Dezelfde predikanten zullen beweren dat de kennis die we krijgen op grond van Gods woord, dat wil zeggen van Gods in de schriften neergelegde openbaring, niet voldoende kan zijn. Zo horen we predikanten zeggen dat de Bijbelse teksten alleen maar getuigenis afleggen van het geloof van vroegere generaties. Het woord van God is dan niet een bron van onze kennis. Om kennis van deze God te krijgen, moeten we misschien kijken naar onze ervaring.
Het antwoord is dat onze ervaring het bestaan van God en het karakter van God niet doet begrijpen. In die ervaring draait het uiteindelijk om onszelf. Of dat het meer een uitdrukking is van ons diepste verlangen, maar een verlangen beslist nu eenmaal niet over het bestaan van haar object. De vraag of God kan worden gekend moet in de kerk tenminste worden beantwoord met de vaststelling dat God daadwerkelijk gekend wordt omdat het spreken en handelen van de kerk die kennis veronderstelt.

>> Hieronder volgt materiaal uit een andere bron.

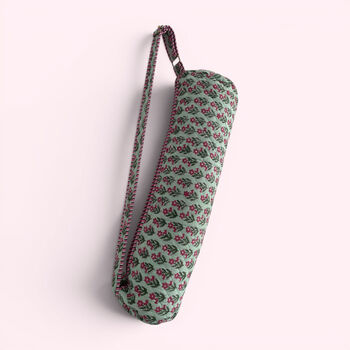 Yoga Mat Bag | Mint Green And Pink Flower Print, 3 of 5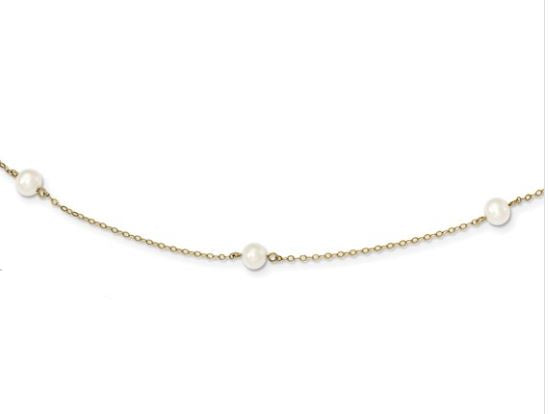 14 Karat Yellow Gold 5-6 Mm Cultured Freshwater Pearl By The Yard Style Necklace 16"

Wat weten we dan van God? Alleen datgene wat hij van zichzelf geopenbaard heeft. God is een sprekende God en de vraag is dus alleen wat heeft deze God dan daadwerkelijk gezegd. Alle nederigheid en voorzichtigheid moet zich dan voegen bij de vaststelling dat God wel degelijk gesproken heeft. Onze voorzichtigheid en nederigheid kan zich niet zo ver uitstrekken dat we dit axioma van de kerk uit het oog zouden verliezen of nog erger zouden gaan tegenspreken.
We kunnen twijfels hebben over de juiste uitleg van de schrift. We kunnen onduidelijkheden hebben over het karakter van God zoals zich dat in Gods woord laat zien. Maar we kunnen het axioma niet aantasten, het axioma van Gods kenbaarheid door zijn woord, tenzij we ook het bestaan van de kerk in twijfel trekken.
Mooi geformuleerd en van harte mee eens!